Every record must be copied exactly, from first line to last.
========
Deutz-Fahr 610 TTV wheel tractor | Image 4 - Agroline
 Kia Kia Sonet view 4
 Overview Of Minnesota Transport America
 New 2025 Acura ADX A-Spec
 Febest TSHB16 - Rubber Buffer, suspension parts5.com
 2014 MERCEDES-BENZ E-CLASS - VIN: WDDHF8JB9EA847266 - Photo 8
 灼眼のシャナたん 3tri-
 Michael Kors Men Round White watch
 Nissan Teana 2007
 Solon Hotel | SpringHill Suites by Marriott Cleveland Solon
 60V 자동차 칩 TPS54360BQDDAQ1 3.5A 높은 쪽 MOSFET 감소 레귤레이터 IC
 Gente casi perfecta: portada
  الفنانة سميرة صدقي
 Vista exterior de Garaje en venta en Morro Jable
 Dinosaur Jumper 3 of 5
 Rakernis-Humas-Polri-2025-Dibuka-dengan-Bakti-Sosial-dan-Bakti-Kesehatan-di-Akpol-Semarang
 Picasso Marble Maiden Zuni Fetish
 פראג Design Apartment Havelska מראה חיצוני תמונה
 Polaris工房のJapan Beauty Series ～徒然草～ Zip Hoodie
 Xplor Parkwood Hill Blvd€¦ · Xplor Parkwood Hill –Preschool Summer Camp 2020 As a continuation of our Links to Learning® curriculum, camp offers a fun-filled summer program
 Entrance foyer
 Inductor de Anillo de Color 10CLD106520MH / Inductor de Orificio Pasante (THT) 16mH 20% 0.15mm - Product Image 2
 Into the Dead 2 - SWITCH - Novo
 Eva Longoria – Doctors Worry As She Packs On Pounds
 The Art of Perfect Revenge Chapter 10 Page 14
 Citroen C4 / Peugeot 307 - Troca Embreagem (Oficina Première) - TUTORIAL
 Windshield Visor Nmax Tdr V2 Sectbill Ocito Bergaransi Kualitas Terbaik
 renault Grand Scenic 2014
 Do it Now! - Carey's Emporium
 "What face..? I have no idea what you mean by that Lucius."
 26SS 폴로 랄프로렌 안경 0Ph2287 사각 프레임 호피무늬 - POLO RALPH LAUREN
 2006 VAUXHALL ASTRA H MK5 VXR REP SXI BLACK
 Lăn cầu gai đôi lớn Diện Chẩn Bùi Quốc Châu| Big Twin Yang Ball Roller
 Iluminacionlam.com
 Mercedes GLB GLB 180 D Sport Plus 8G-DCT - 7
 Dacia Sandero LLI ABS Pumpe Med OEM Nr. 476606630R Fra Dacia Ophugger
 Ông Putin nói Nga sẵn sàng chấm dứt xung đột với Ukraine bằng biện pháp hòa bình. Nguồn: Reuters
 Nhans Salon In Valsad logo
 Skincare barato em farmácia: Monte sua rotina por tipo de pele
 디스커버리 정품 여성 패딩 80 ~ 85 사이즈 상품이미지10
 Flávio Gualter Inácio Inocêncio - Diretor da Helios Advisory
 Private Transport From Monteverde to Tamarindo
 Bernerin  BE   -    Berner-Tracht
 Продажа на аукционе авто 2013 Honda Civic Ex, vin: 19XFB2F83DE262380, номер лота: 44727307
========
#### Task response:
Deutz-Fahr 610 TTV wheel tractor | Image 4 - Agroline
 Kia Kia Sonet view 4
 Overview Of Minnesota Transport America
 New 2025 Acura ADX A-Spec
 Febest TSHB16 - Rubber Buffer, suspension parts5.com
 2014 MERCEDES-BENZ E-CLASS - VIN: WDDHF8JB9EA847266 - Photo 8
 灼眼のシャナたん 3tri-
 Michael Kors Men Round White watch
 Nissan Teana 2007
 Solon Hotel | SpringHill Suites by Marriott Cleveland Solon
 60V 자동차 칩 TPS54360BQDDAQ1 3.5A 높은 쪽 MOSFET 감소 레귤레이터 IC
 Gente casi perfecta: portada
  الفنانة سميرة صدقي
 Vista exterior de Garaje en venta en Morro Jable
 Dinosaur Jumper 3 of 5
 Rakernis-Humas-Polri-2025-Dibuka-dengan-Bakti-Sosial-dan-Bakti-Kesehatan-di-Akpol-Semarang
 Picasso Marble Maiden Zuni Fetish
 פראג Design Apartment Havelska מראה חיצוני תמונה
 Polaris工房のJapan Beauty Series ～徒然草～ Zip Hoodie
 Xplor Parkwood Hill Blvd€¦ · Xplor Parkwood Hill –Preschool Summer Camp 2020 As a continuation of our Links to Learning® curriculum, camp offers a fun-filled summer program
 Entrance foyer
 Inductor de Anillo de Color 10CLD106520MH / Inductor de Orificio Pasante (THT) 16mH 20% 0.15mm - Product Image 2
 Into the Dead 2 - SWITCH - Novo
 Eva Longoria – Doctors Worry As She Packs On Pounds
 The Art of Perfect Revenge Chapter 10 Page 14
 Citroen C4 / Peugeot 307 - Troca Embreagem (Oficina Première) - TUTORIAL
 Windshield Visor Nmax Tdr V2 Sectbill Ocito Bergaransi Kualitas Terbaik
 renault Grand Scenic 2014
 Do it Now! - Carey's Emporium
 "What face..? I have no idea what you mean by that Lucius."
 26SS 폴로 랄프로렌 안경 0Ph2287 사각 프레임 호피무늬 - POLO RALPH LAUREN
 2006 VAUXHALL ASTRA H MK5 VXR REP SXI BLACK
 Lăn cầu gai đôi lớn Diện Chẩn Bùi Quốc Châu| Big Twin Yang Ball Roller
 Iluminacionlam.com
 Mercedes GLB GLB 180 D Sport Plus 8G-DCT - 7
 Dacia Sandero LLI ABS Pumpe Med OEM Nr. 476606630R Fra Dacia Ophugger
 Ông Putin nói Nga sẵn sàng chấm dứt xung đột với Ukraine bằng biện pháp hòa bình. Nguồn: Reuters
 Nhans Salon In Valsad logo
 Skincare barato em farmácia: Monte sua rotina por tipo de pele
 디스커버리 정품 여성 패딩 80 ~ 85 사이즈 상품이미지10
 Flávio Gualter Inácio Inocêncio - Diretor da Helios Advisory
 Private Transport From Monteverde to Tamarindo
 Bernerin  BE   -    Berner-Tracht
 Продажа на аукционе авто 2013 Honda Civic Ex, vin: 19XFB2F83DE262380, номер лота: 44727307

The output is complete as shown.